** RECORD EXTRACTS **
# # #
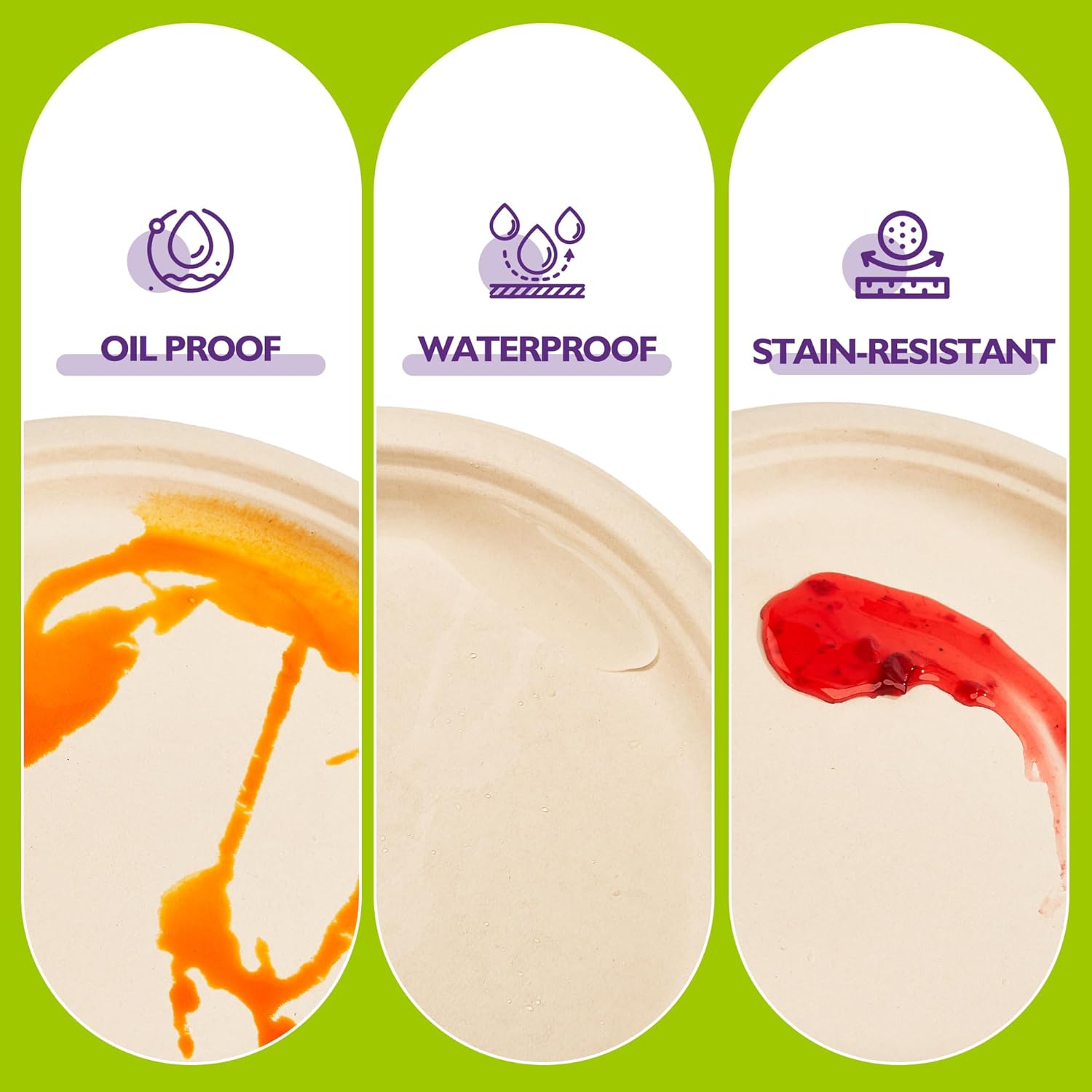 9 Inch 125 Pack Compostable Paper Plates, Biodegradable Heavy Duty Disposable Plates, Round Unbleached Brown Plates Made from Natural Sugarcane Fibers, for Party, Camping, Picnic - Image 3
# # #
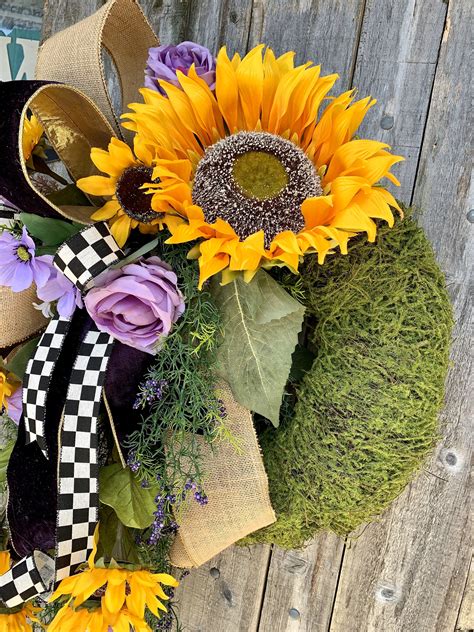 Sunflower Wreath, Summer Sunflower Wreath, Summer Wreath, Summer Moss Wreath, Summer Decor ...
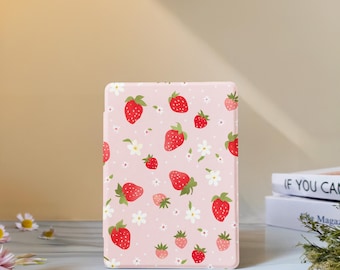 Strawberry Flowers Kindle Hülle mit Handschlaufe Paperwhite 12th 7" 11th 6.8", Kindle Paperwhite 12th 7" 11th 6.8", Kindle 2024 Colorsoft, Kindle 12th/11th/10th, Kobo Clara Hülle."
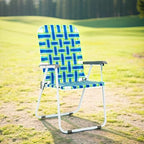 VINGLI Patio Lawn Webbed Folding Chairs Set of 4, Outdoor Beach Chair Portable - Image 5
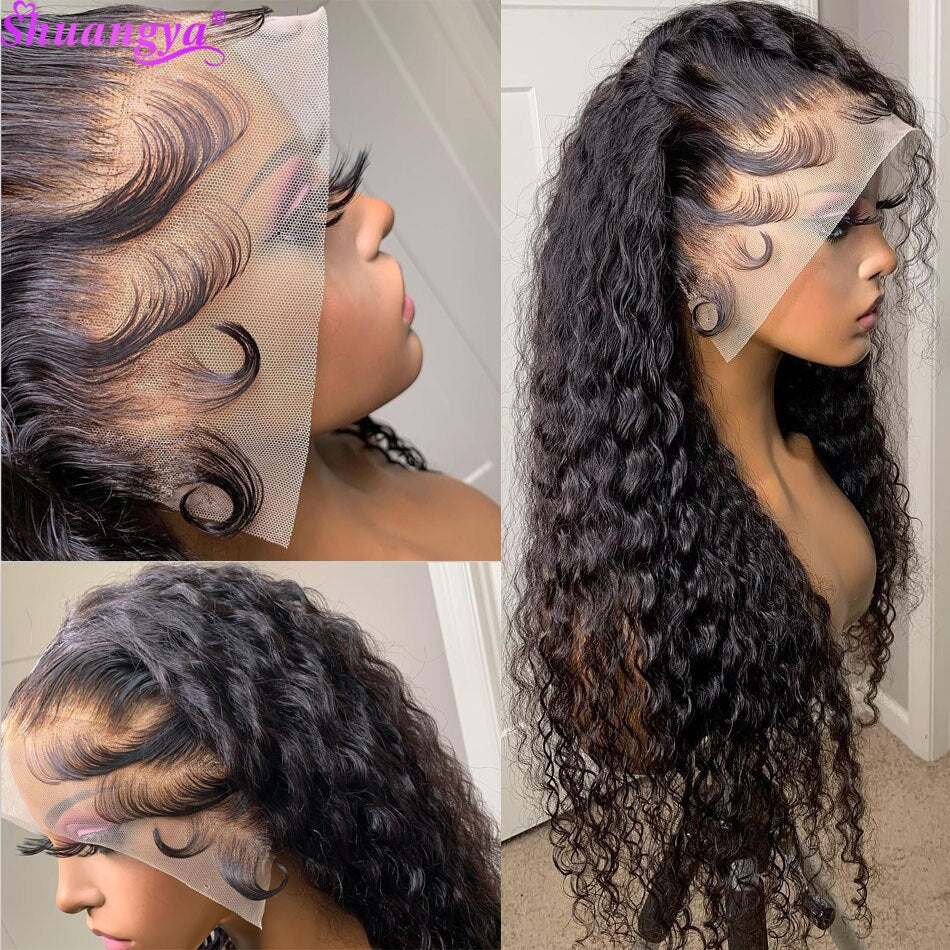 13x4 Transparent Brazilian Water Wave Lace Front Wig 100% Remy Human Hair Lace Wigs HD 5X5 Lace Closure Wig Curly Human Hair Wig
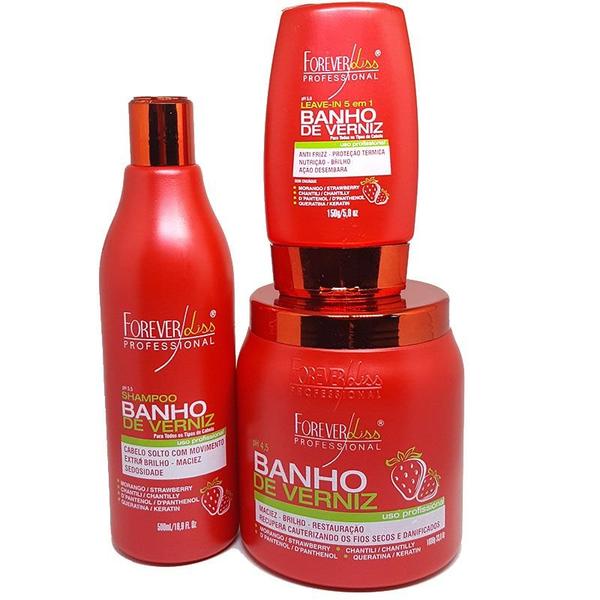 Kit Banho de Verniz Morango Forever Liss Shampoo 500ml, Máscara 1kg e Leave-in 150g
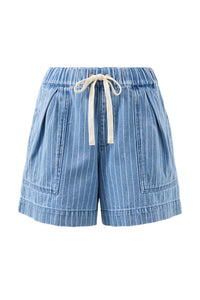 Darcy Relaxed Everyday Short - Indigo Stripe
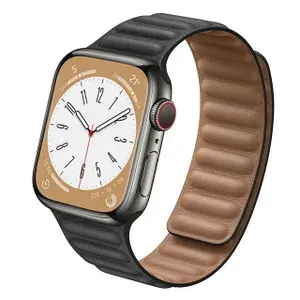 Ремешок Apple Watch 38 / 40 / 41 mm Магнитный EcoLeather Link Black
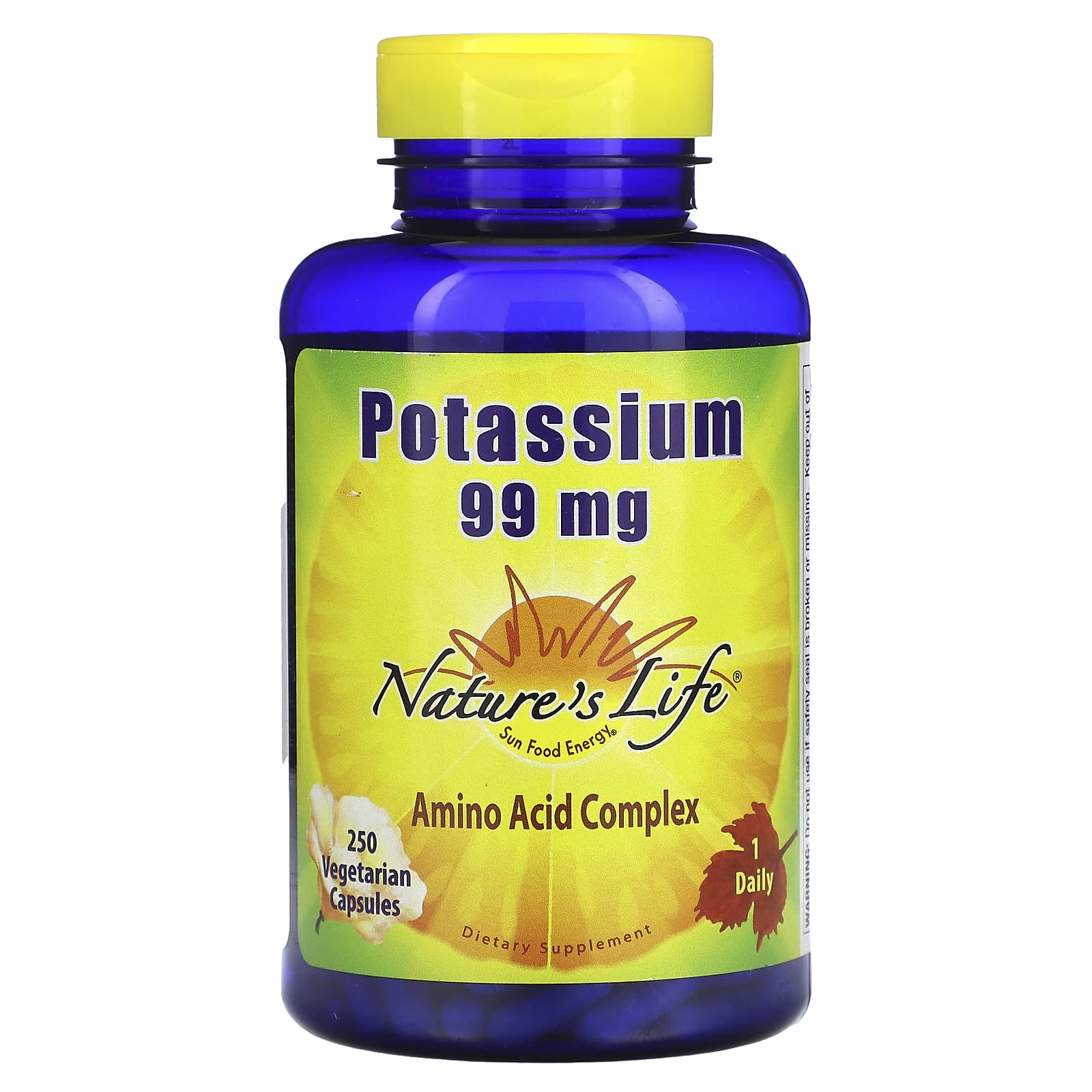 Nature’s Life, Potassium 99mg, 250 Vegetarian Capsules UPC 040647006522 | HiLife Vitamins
# # #
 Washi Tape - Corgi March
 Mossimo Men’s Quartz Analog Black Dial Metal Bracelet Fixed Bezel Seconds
# # #
** PROBLEM STATEMENT **
From the listing above, please give again the lines that begin with the line holding "Darcy Relaxed Everyday Short - Indigo Stripe" and go on through the line holding "Nature’s Life, Potassium", exactly, both ends included, minus any picture.

** EXERCISE RESULT **
 Darcy Relaxed Everyday Short - Indigo Stripe
 Ремешок Apple Watch 38 / 40 / 41 mm Магнитный EcoLeather Link Black
 Nature’s Life, Potassium 99mg, 250 Vegetarian Capsules UPC 040647006522 | HiLife Vitamins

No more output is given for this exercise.